> _WHAT YOU ARE ASKED TO DO_:
Please keep to the lines below from the one with "Houseman Crescent, West" through the one with "Internacional reage contra", and restate them word for word, ends included.
##### INPUT DATA #####
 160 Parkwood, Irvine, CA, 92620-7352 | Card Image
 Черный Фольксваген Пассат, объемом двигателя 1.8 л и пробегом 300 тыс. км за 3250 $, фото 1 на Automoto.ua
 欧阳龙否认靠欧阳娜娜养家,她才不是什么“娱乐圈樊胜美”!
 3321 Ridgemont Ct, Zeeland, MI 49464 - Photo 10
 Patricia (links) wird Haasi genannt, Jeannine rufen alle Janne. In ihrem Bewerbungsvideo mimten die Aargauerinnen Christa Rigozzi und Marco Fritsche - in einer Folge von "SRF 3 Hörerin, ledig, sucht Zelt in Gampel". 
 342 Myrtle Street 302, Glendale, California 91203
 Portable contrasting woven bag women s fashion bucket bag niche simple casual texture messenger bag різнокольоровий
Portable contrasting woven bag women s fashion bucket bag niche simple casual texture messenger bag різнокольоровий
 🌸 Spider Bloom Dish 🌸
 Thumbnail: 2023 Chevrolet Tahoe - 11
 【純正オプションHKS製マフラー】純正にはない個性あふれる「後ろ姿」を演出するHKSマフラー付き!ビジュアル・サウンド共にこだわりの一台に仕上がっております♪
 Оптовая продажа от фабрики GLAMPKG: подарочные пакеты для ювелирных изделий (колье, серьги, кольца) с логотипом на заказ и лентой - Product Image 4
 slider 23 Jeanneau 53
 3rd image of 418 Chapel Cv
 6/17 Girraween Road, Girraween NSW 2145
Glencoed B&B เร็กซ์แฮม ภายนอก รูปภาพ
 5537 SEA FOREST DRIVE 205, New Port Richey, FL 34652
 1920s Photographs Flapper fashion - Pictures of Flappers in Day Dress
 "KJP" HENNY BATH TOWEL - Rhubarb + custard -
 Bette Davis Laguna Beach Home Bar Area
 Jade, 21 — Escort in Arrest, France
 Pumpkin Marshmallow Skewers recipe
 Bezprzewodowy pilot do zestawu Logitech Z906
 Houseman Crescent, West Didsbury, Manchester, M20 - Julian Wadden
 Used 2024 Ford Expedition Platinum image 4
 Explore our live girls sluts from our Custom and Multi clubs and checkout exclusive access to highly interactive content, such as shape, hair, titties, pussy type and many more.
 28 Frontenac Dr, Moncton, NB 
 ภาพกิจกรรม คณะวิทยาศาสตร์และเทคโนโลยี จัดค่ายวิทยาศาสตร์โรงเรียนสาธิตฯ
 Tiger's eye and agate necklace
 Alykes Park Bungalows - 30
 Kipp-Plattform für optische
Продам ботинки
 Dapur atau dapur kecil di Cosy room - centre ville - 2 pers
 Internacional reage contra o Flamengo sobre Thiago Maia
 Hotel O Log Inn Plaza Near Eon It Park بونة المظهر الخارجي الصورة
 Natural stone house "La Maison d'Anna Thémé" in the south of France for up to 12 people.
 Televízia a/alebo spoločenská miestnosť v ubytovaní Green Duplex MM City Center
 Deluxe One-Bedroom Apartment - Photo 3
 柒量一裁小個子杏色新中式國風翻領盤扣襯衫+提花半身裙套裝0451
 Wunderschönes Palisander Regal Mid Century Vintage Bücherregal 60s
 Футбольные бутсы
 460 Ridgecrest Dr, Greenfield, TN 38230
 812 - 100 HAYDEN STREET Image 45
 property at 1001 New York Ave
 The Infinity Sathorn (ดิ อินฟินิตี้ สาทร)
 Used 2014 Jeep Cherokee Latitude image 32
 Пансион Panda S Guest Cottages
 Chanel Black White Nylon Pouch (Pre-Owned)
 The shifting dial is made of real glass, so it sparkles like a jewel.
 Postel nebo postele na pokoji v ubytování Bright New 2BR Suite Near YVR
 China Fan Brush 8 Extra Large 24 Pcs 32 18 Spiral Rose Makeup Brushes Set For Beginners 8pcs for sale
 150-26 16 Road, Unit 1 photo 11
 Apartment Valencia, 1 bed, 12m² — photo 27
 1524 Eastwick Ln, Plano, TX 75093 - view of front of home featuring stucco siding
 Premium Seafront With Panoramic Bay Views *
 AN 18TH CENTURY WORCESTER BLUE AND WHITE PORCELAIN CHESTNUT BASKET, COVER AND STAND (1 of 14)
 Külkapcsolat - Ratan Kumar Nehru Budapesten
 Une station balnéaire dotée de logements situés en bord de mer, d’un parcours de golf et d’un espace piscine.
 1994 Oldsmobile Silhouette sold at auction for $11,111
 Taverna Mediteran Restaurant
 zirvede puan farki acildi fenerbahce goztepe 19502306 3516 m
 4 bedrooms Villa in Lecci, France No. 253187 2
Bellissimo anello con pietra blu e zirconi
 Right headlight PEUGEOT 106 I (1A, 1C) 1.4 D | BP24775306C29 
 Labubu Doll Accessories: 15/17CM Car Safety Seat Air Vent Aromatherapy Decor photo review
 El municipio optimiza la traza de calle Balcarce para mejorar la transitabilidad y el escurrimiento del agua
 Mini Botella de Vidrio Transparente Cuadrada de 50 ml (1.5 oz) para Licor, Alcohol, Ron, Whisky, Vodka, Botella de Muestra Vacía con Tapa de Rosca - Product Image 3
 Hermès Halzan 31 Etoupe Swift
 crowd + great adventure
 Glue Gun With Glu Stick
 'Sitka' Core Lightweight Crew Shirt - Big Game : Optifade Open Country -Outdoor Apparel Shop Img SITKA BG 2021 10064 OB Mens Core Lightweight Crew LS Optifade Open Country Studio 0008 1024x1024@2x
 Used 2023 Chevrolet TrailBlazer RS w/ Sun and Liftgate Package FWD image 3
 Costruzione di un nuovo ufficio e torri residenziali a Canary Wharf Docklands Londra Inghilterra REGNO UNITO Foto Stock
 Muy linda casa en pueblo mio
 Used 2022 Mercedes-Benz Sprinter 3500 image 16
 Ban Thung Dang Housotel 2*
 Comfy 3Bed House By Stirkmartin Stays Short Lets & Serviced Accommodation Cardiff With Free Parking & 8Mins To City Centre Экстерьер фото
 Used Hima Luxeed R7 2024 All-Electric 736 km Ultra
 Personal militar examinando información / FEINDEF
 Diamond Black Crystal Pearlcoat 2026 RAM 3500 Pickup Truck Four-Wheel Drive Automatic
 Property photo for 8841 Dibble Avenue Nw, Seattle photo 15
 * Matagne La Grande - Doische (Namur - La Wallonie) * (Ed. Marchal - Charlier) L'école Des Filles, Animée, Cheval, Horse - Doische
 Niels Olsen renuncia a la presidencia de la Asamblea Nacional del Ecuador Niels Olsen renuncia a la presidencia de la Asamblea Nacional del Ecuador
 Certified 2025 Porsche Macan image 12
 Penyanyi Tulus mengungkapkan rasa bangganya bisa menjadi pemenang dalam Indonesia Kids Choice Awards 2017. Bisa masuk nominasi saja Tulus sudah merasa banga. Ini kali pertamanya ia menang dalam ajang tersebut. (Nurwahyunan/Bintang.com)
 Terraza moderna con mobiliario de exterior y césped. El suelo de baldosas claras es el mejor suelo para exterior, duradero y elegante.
#####
> _RESULT FOR THIS TASK_:
 Houseman Crescent, West Didsbury, Manchester, M20 - Julian Wadden
 Used 2024 Ford Expedition Platinum image 4
 Explore our live girls sluts from our Custom and Multi clubs and checkout exclusive access to highly interactive content, such as shape, hair, titties, pussy type and many more.
 28 Frontenac Dr, Moncton, NB 
 ภาพกิจกรรม คณะวิทยาศาสตร์และเทคโนโลยี จัดค่ายวิทยาศาสตร์โรงเรียนสาธิตฯ
 Tiger's eye and agate necklace
 Alykes Park Bungalows - 30
 Kipp-Plattform für optische
Продам ботинки
 Dapur atau dapur kecil di Cosy room - centre ville - 2 pers
 Internacional reage contra o Flamengo sobre Thiago Maia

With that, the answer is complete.